Reshaping data with PostgreSQL pivot tables

Image credit: Midjourney

I have been using PostgreSQL for a while and have grown fond of it over time. As a part of the Rails app I was working with, we have been logging API requests to a table. The target systems which call the API do so in bursts, and we wanted to find the frequency of these calls based on the hour of the day.

All the API calls were logged in a table with the following structure.

id	xml_content	created_at	updated_at
1	<somecontent>	timestamp	timestamp
2	<somecontent>	timestamp	timestamp
3	<somecontent>	timestamp	timestamp
4	<somecontent>	timestamp	timestamp

To better understand when we receive these requests, I wanted to segregate them by the hour for a given month. This is fairly simple, and we can write a query as below.

select (date_part('year',created_at)*100 + date_part('month',created_at)) yearmonth,
       date_part('hour',created_at) hour_of_day,
       count(1) no_of_requests
from call_logs
group by date_part('year',created_at)*100 + date_part('month',created_at),
         date_part('hour',created_at)
order by yearmonth desc, hour_of_day

The results of the query look a bit like this.

yearmonth	hour_of_day	no_of_requests
201504	00	2500
201504	01	2200
201504	02	2123
…	…	…
201503	11	1282
…	…	…

Although this gives the necessary data that we need, it would be easier if the hours appeared as columns rather than rows. Our Postgres query will have to change the shape of the result set based on the number of hours returned in the query.

Postgres has an extension that provides crosstab functionality to create pivot table-like structures called tablefunc. The syntax is a bit verbose, but essentially the crosstab function has the following signature. There are other crosstab signatures, but I will leave it as an exercise for the reader to explore the other signatures.

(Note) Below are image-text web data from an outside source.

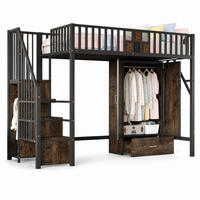 HOCHBETT 90/200 mit Kleiderschrank, Schubladen und Aufbewahrungsleiter in Schwarz - Schwarz, Holz/Metall (90/200cm) - EVRYAE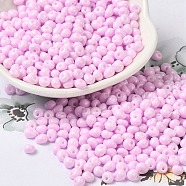 6/0 Opaque Baking Paint Glass Seed Beads, Teardrop, Pearl Pink, 4.5~5x4x3~3.5mm, Hole: 0.9mm, about 5625Pcs/Pound(SEED-M012-02A-32)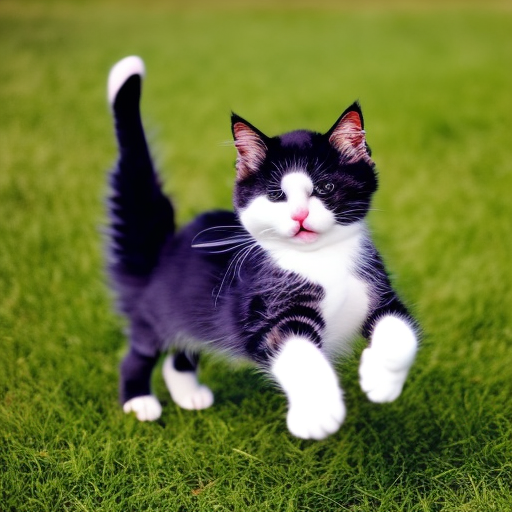 A cat playing on grass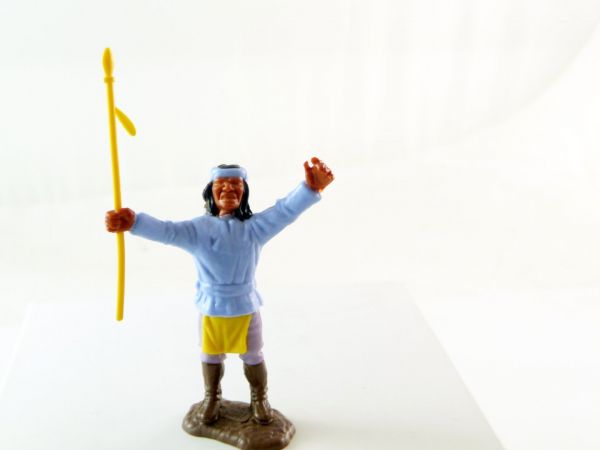 Timpo Toys Apache stehend mit Speer auf seltenem Unterteil
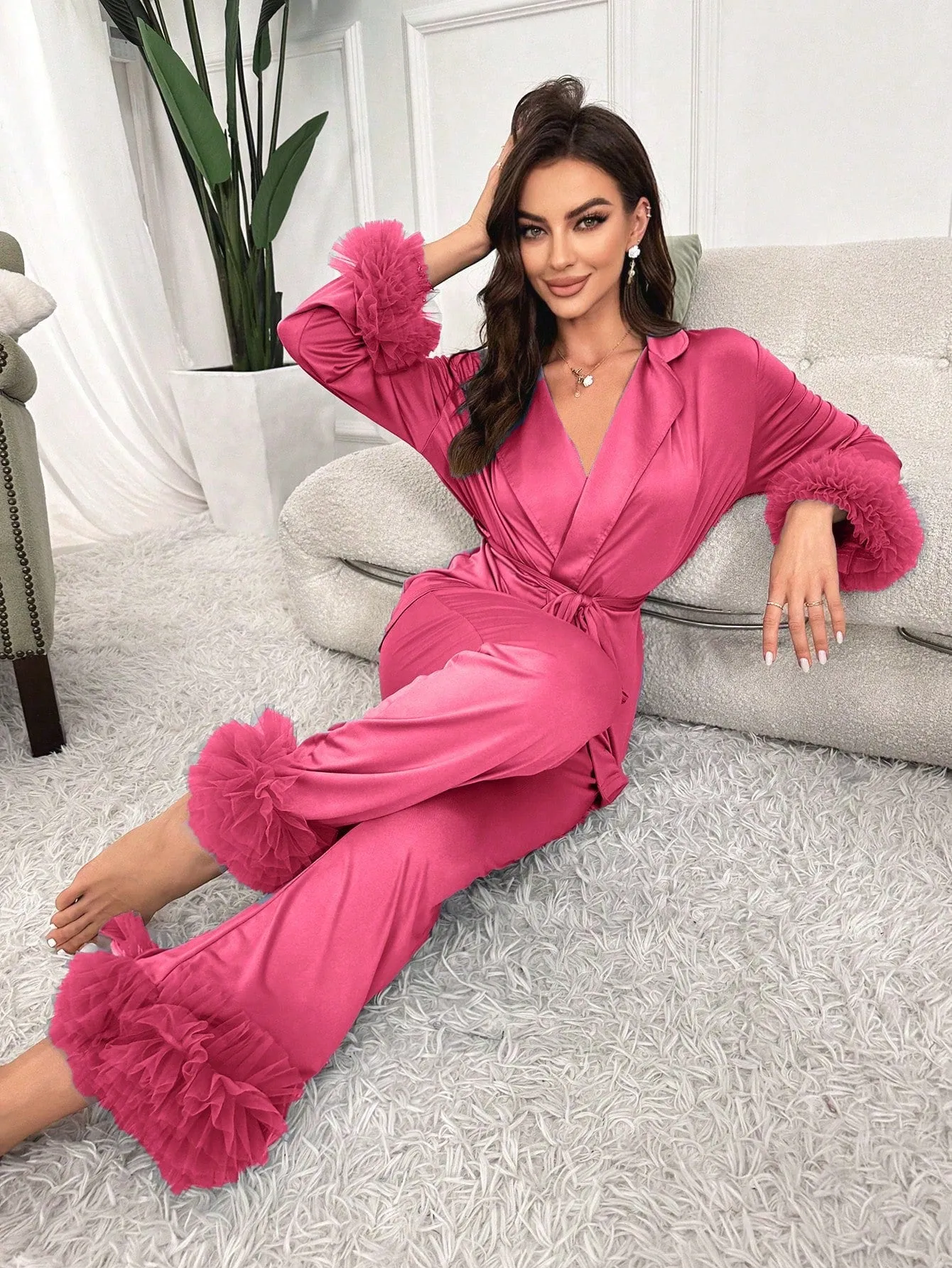 Ladies' Mesh Splice Satin Pajama Set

crosstab(dataset_query::text, category_query::text)
-- returns setof records

We have already written our query to return the dataset. The dataset query should always produce rows with 3 columns. The first column takes the row key. The values in the second column become actual columns on which that table is pivoted. The values in the third column are associated with the values in the second column and appear as values under the column bearing the same value in the crosstab record set.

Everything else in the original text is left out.